当時の仕様では、スイッチをボディ後方側から順に、①ブリッジPU → ②ネックPU → ③ネックPU(プリセットトーン)という3種類のサウンドバリエーションになっていました。現在の主流の仕様は、①ブリッジPU → ②ブリッジPU&ネックPU → ③ネックPU ですね。
プリセットトーンとは、ネックPUに付け加えられた「トーンノブの位置とは関係ない、独立したもう一つのトーン回路」のようなものです。スイッチのポジションを③にすると、ハイカットされたネックPUのサウンドが得られます。この回路が採用された経緯には諸説あり、ギターでベースラインを弾きベーシストの代わりをするためだとか、ジャズプレイヤーに人気があったGibsonのハムバッカーのような甘い音を再現しようとした…などと言われています。
もともとブリッジPUに比べ非力さが否めないネックPUに、ハイカットフィルターをかけることで、そのサウンドはかなり奥まってこもってしまいます。魅力がないとは言いませんが、実用的とも言い難いのが正直なところです。それよりも問題なのは、魅力的なブリッジPU&ネックPUのミックスサウンドが使えないことです。

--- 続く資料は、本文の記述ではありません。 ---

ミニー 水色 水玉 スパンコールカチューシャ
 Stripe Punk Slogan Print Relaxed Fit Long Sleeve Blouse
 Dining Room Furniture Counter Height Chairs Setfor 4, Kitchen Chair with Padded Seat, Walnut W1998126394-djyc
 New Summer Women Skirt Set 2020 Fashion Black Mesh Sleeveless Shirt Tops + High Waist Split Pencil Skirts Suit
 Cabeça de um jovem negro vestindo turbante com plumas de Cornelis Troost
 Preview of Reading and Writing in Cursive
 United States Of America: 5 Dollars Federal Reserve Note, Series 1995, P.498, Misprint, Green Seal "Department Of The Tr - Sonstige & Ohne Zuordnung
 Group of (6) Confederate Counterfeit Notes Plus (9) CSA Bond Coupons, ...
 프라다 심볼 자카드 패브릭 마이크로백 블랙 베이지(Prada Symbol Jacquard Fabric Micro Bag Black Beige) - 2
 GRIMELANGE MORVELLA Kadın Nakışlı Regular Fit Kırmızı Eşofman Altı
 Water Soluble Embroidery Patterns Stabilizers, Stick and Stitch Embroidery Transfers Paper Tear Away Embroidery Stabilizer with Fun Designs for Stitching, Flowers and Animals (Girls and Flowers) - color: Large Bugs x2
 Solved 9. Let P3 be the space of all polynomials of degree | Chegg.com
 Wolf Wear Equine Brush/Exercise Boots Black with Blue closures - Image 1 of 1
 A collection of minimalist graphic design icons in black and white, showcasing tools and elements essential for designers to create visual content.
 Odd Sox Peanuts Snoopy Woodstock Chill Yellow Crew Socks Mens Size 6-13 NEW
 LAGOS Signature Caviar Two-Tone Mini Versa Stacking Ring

今回、お預かりしたFender 52テレキャスターは、その名の通り1952年製のリイシューモデルです。このギターは1991年製ですので、プリセットトーンは忘れられた遺物でした。使われない機能だとの認識があっても、わざわざ再現するところにFenderのこだわりがあったのでしょう。ただ、実際に販売する現場では、回路をアップデートしてからお客様へお渡しすることがほとんどだったと思います。
スイッチの不調で交換をご依頼頂いたのですが、回路はオリジナルのままでしたのでこの機にアップデートをご提案させて頂きました。せっかくですから、回路の違いでサウンドを聴き比べてみましょう。
作業途中のためピックガードを外した裸の状態ですが、サウンドはいかがでしょうか?
オリジナルの回路では、プリセットトーンを選択した際に音量が下がってしまうことが気になります。アップデート後の回路でも、ネックPUを選択した状態でトーンノブを絞れば同じような音は得られますから、失うものはありません。さらに、リズムプレイが気持ち良い、クリアで歯切れの良さと太さもある、ミックスサウンドが選択できることが大きいです。テレキャスターのサウンドバリエーションが広がったことで、もっと好きになって頂けると思います。